Release Date: Feb 27, 2018
Series: A Hannah Swensen Mystery
It’s almost Thanksgiving and Hannah Swensen Barton is keeping busy running her bakery and coffee shop, The Cookie Jar. However, her heart is breaking because her new husband, Ross, left their Lake Eden, Minnesota condo two weeks earlier and she hasn’t heard from his since. She keeps hoping for a call, but the longer he’s stays away without contacting her, the more she worries he may have had an accident or met with foul play. Her friends and family are around to support her, but she doesn’t know what to do. Then, when a co-worker of Ross is murdered, Hannah decides to start investigating, and soon she begins to wonder if she ever really knew her husband at all.
It’s hard to believe Raspberry Danish Murder is the twenty-second in the Hannah Swensen mystery series. I have followed the series from the beginning, so am very familiar with all of the characters. New readers will easily catch on the story, but it won’t be as enjoyable without having the background about Hannah and Ross from reading the last couple books. The subject of Hannah and Ross is a touchy one for longtime fans of the series. Hannah went years being unable to decide between her two suitors, police detective Mike, and dentist, Norman. When Hannah finally decided to get married, readers were stunned when she chose old college boyfriend, Ross, out of the blue. The whole thing seemed rushed and out of character for Hannah, and I must admit feeling hopeful when I saw that in this book, Ross has disappeared.

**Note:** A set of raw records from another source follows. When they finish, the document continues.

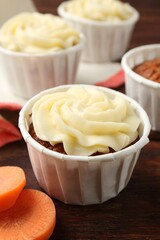 Delicious carrot muffins and fresh vegetable on wooden table, closeup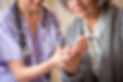 Nurse giving blood sugar test to patient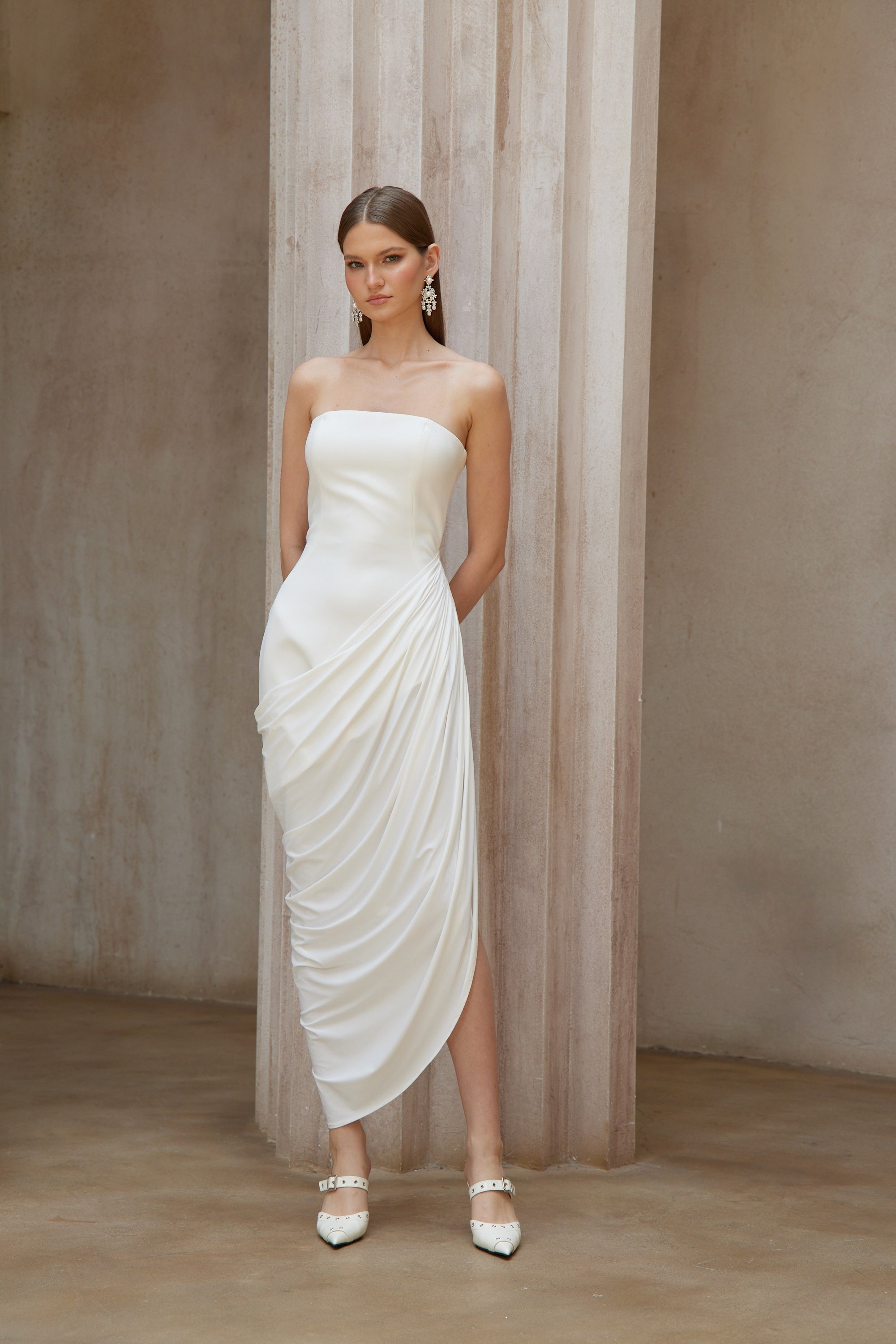 White strapless maxi dress with a fitted bodice and a draped asymmetrical wrap skirt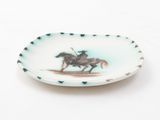 a picture of a plate with a picture of a man on a horse on it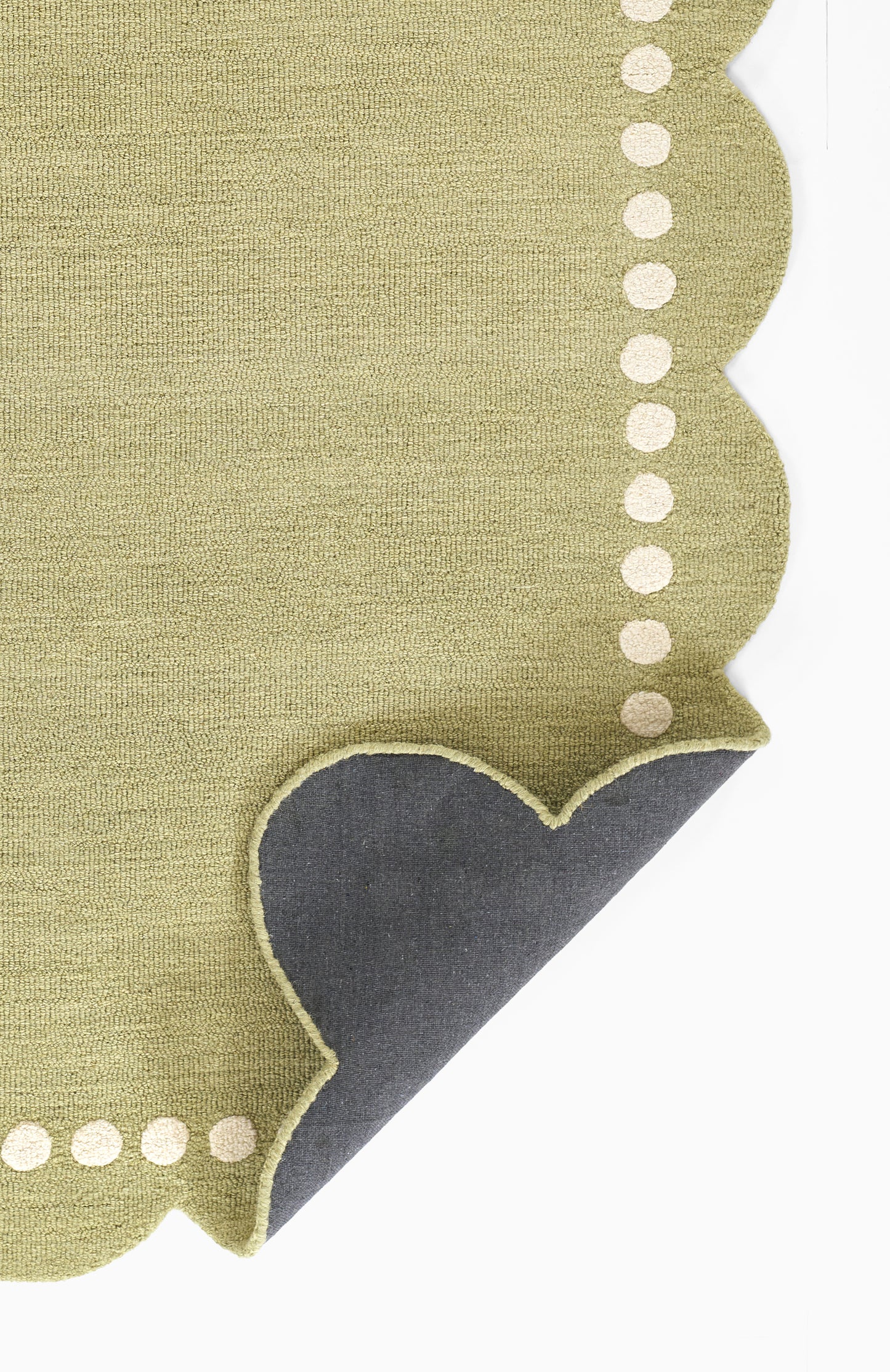 Olive-green linen napkin with scalloped edge & white dotted trim & dark gray underside.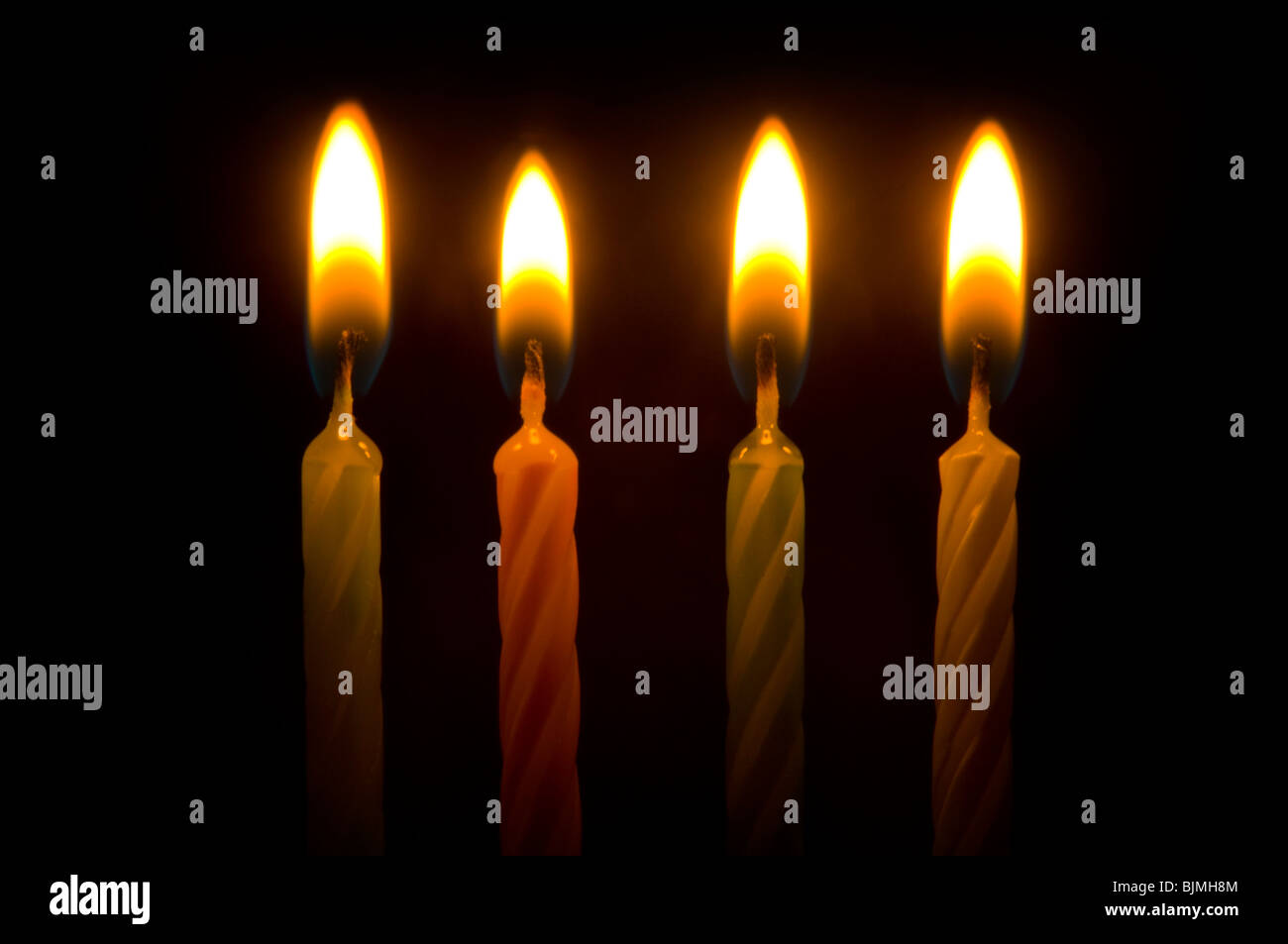 birthday candles lit with flame Stock Photo Alamy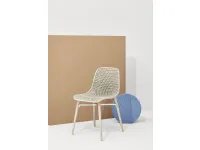 Next chair with perforated polyamide shell and solid Ash legs in Natural by Infiniti.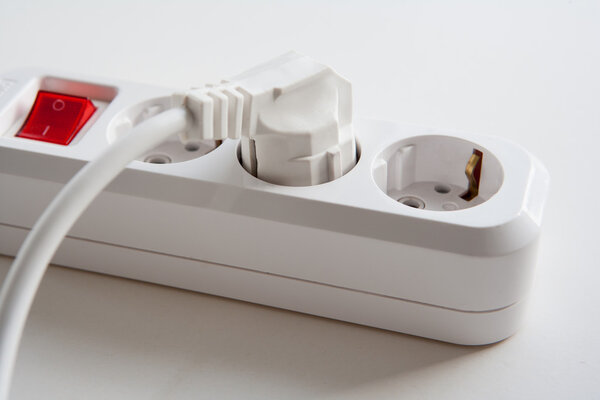 Electrical power strip with plug and red on-off button, electrical extension, power board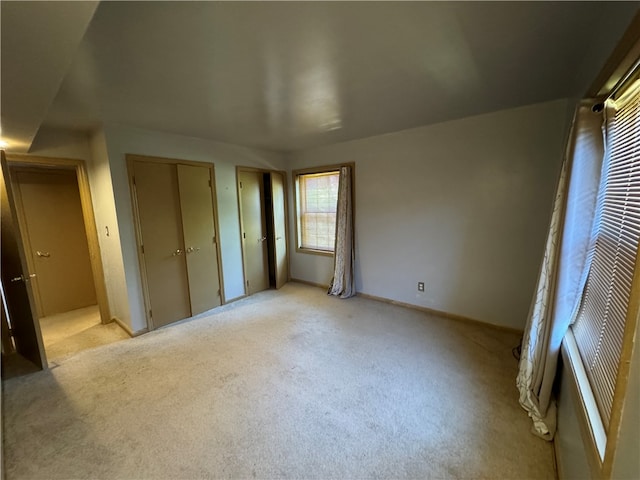 unfurnished bedroom featuring light carpet and multiple closets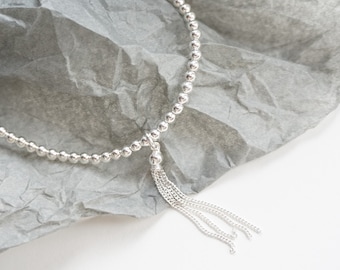 Sterling Silver stretch anklet with Tassel Charm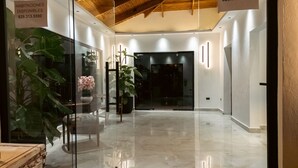 Decoração moderna com divisória de vidro, plantas em vasos e placa indicando acomodações disponíveis.
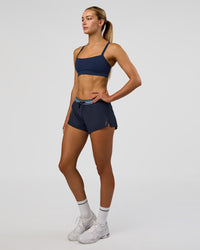 Woman wearing Accelerate 3" Mid-Rise Running Short - Future Navy-Baltic Sea | Model:Evie | Size:S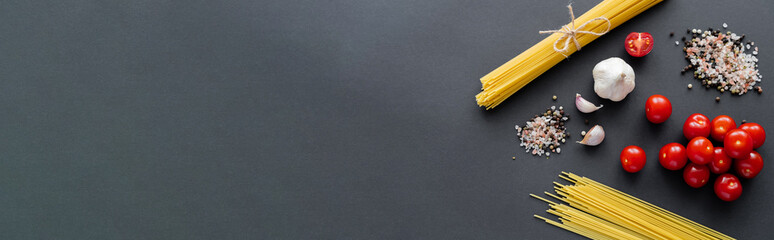 Canvas Print - Top view of raw spaghetti near garlic and spices on black surface with copy space, banner.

This is a clean cozy and quick, easy read. Hannah is a kind and generous person who is still very good friends with her ex-boyfriends Mike and Norman, and each play a large role in the book. I enjoyed seeing her and her sister, Michelle, investigate the murder case and look for clues as to Ross’s whereabouts. This is a clean cozy and quick, easy read. I enjoyed the book more than the last couple of books in the series. However I was disappointed by the awkward, unnatural dialogue between the characters. Joanne Fluke is a talented and experienced writer, but dialogue seemed unpolished and stilted, especially in scenes between Hannah and Michelle and Hannah and Norman. Hannah is close to each of them, but their conversations seemed unrealistically formal.
In spite of the flaws, I enjoyed the story, and returning readers will want to read this latest installment in the series to see what happens next in Hannah’s life. The ending wasn’t what I expected, and the cliffhanger left me intrigued and eager to read the next book. Those who like to cook will be pleased by the inclusion of nearly 30 recipes for cookies, cakes, and other dishes that are mentioned in the story. Most are beyond my cooking abilities, but I may have to try the Cheesy Garlic Crescent Rolls and Cool Whip Fudge Frosting which sound delicious and appear to be easy to make. Fans of the series will want to keep up with Hannah and new readers who enjoy Sheila Connelly or Joanne Pence will like this series. Those who may have seen the Hannah Swensen Murder She Baked movies will enjoy reading the books that inspired the television version, but just be aware there are differences in the characters between the books and the movies.